Markalar arasında benzerlik incelemesinde temel ilke, her iki markanın ortalama tüketici üzerinde bıraktığı genel intibaa göre tüm faktörler bir arada gözetilerek “global değerlendirme” yapılması gerekmektedir…. değerlendirme gereği, markaların unsurları bölünerek, unsurlarına göre ayrı değerlendirme yapılması hatalı olacaktır. Bununla birlikte, inceleme sırasında markayı oluşturan jenerik, tanımlayıcı unsurların değerlendirme dışı bırakılmasına engel değildir. Dolayısıyla aslolan markaların bir bütün halinde bıraktıkları genel intibaa göre değerlendirme yapılmasıdır.
…kararlarından da izlenebileceği gibi, karıştırma olasılığının değerlendirmesi, aslında ileriye dönük bir tetkiktir.
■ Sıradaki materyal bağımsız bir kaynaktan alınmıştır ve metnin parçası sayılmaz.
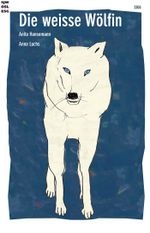 Die weisse Wölfin Cover des Buches Die weisse Wölfin (ISBN: 9783726906931)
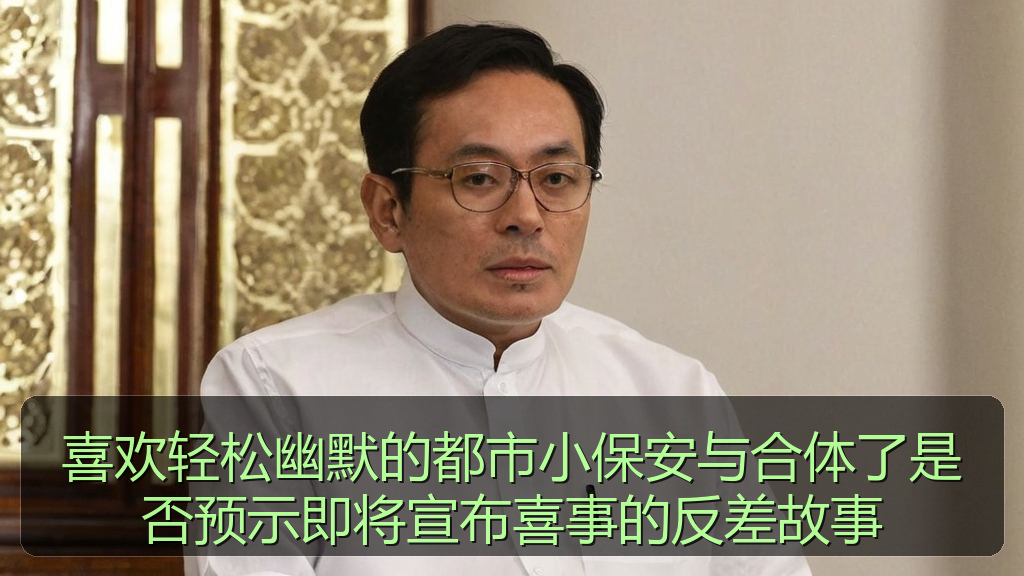喜欢轻松幽默的都市小保安与合体了是否预示即将宣布喜事的反差故事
Bu tetkikte; “Markalar arasındaki görsel, işitsel veya kavramsal benzerlikler bütün olarak karşılaştırılmalıdır. Karşılaştırma, genel izlenim esas alınarak, özellikle markaların ayırt edici ve baskın unsurları” ve “davanın koşullarıyla ilgili tüm faktörleri dikkate alarak, global olarak yapılmalıdır”.
Bununla birlikte markalar esas ve yardımcı unsur olmak üzere iki unsurdan meydana geldiği asla göz ardı edilmemelidir. Markayı benzerlerinden ayırt etmeye yarayan markada diğer unsurlara göre daha ön planda olan unsur esas unsur iken; esas unsura göre nispeten arka planda olan, malın ve hizmetin temel özelliklerini veya sair özelliklerini belirten ve esas unsura bağlı ve onunla ilişki içinde bulunanlar yardımcı unsurdur. Markaları benzerlerinden ayıran en önemli unsur esas unsurlardır. Markanın ayırt ediciliği ve iltibasa sebebiyet verip vermediği gibi hususlar esas unsur nazara alınarak tespit edilir.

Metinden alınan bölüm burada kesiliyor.